Quanto à competência de tais tribunais, preceitua o art. 4º, nº 1 do Estatuto dos Tribunais Administrativos e Fiscais, que “compete aos tribunais de jurisdição administrativa e fiscal a apreciação de litígios que tenham nomeadamente por objeto:

(…)

e) Questões relativas à realidade de atos pré -contratuais e à interpretação, validade e execução de contratos a respeito dos quais haja lei específica que os submeta, ou que admita que sejam submetidos, a um procedimento pré-contratual regulado por normas de direito público;

f) Questões relativas à interpretação, validade e execução de contratos de objeto passível de ato administrativo, de contratos especificamente a respeito dos quais existam normas de direito público que regulem aspetos específicos do respetivo regime substantivo, ou de contratos em que pelo menos uma das partes seja uma entidade pública ou um concessionário que atue no âmbito da concessão e que as partes tenham expressamente submetido a um regime substantivo de direito público;

(…)”

Ora, resulta assente nos autos que entre a sociedade insolvente que deu origem à A. e o R. foram celebrados dois acordos (...), celebrados em agosto de 2009 e dezembro de 2010, respetivamente, mediante os quais estabeleceram estipulações várias relativas ao uso e gozo por uma entidade terceira de um imóvel então propriedade da dita sociedade, assim como relativas a uma futura aquisição da propriedade do imóvel pelo R.

O R. é um município.

No âmbito do primeiro acordo estipulou-se logo que o preço a pagar pelo imóvel estava sujeito a um preço de avaliação exigível para a aquisição de bens por entidades públicas — vide cláusula 12ª, alínea e).

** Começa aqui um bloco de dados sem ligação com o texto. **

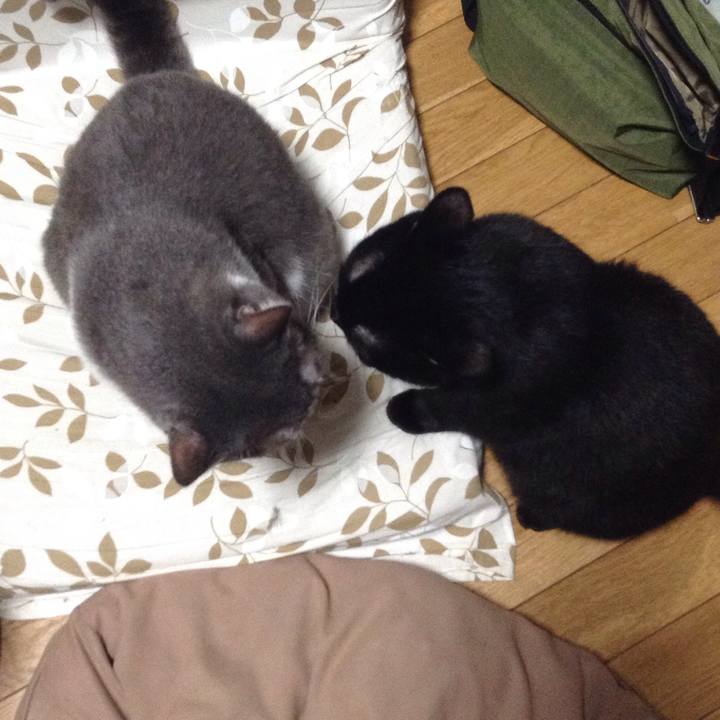 Ed7044d4 2c15 4abd b621 1c98314f31a9 1536844482241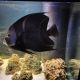 French Angelfish Fishes
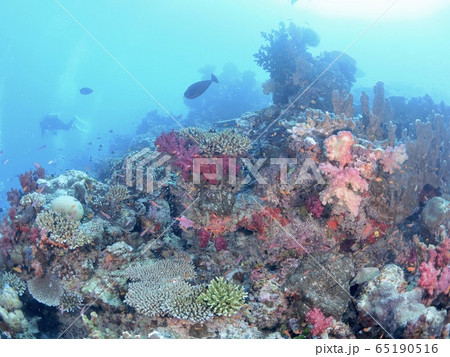 フィジーの海 フィジーの海 65190516
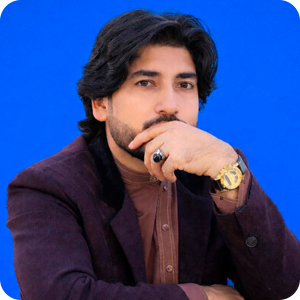 Shakib Naseri, Programme and project management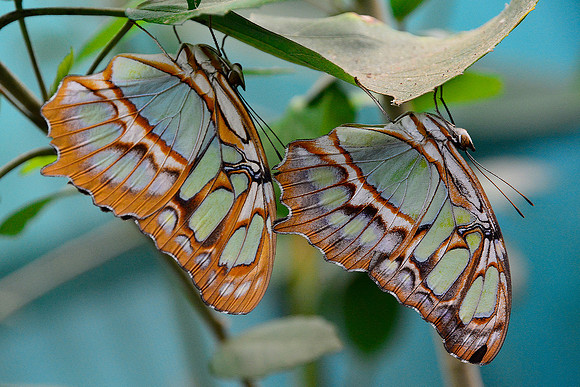 Malachite butterflies, Monteverde Butterfly Gardens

Por sua vez o próprio montante da contraprestação pecuniária devida pelo uso e gozo do imóvel foi estipulado de forma variável em face da futura concretização ou não da alienação do imóvel a favor do réu. — vide cláusula 4ª, alíneas a) e b).

Já no segundo acordo, o preço acordado pela transmissão da propriedade do imóvel surge estipulado sem alusão qualquer ao dito processo de avaliação.

Sucede que, por força do disposto, desde logo, nos artigos 1º, 2º, nº1 alínea c), e 6º nº1 alínea d), este último a contrario, do Código dos Contratos Públicos, aprovado pelo DL nº 18/2008, em vigor desde 29.09.2008, que, por isso, é aplicável aos acordos em apreço nos autos, a locação ou aquisição de imóveis pelo R estava sujeita aos procedimentos para formação de contratos previstos no dito compêndio normativo.

O Código dos Contratos Públicos encerro normas de natureza pública.

É desprovido de sentido, ..., defender-se, ..., que o que pretende exigir a R. é, tão-somente, o cumprimento de obrigações emergentes do contrato porquanto tal exigibilidade está, obviamente, dependente da validade do mesmo.

A apreciação de tal validade é, ..., por via da sujeição dos negócios em causa à disciplina do Código da Contratação Pública, questão relativa à interpretação, validade e execução de contratos especificamente acerca dos quais existam normas de direito público que regulam aspetos do respetivo regime substantivo que, assim recai sob a previsão da alínea f) do nº1 do artigo 4º do ETAF, pelo que a competência para a sua apreciação cabe aos tribunais administrativos e fiscais, e não já aos comum, por força da norma contida no artigo 64º do NCPC, gerando o incompetência absoluta do mesmo, por força do disposto no artigo 96º, alínea a), do mesmo diploma.»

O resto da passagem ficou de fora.